_TASK_.
Would you please copy only the lines from the line that contains "EP 管理番号：210918_35 FCLGA2011" to the end of the data below, exactly, leaving every picture out?

------ SUPPLIED MATERIAL

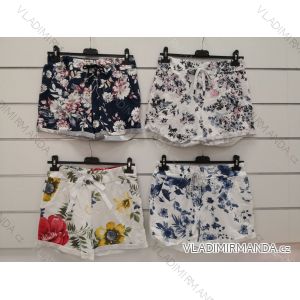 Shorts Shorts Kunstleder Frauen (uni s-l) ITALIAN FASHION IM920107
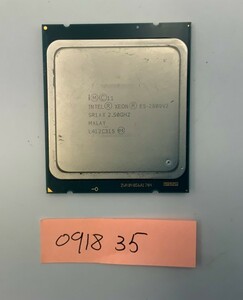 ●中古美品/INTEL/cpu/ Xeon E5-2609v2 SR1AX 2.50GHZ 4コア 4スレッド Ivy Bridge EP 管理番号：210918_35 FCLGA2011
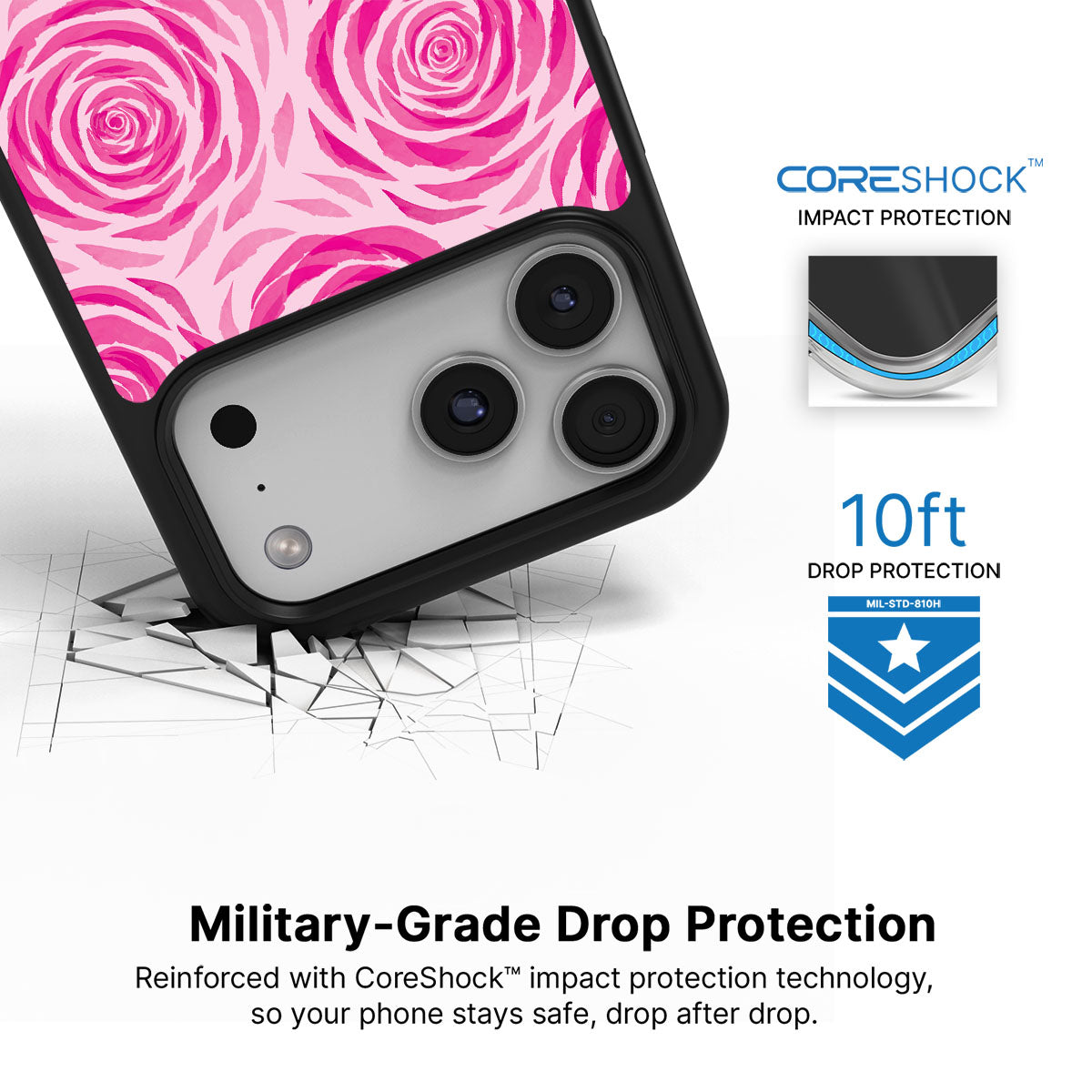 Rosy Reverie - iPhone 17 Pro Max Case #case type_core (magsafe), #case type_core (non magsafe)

------------

_ANSWER_.
 ●中古美品/INTEL/cpu/ Xeon E5-2609v2 SR1AX 2.50GHZ 4コア 4スレッド Ivy Bridge EP 管理番号：210918_35 FCLGA2011
 Rosy Reverie - iPhone 17 Pro Max Case #case type_core (magsafe), #case type_core (non magsafe)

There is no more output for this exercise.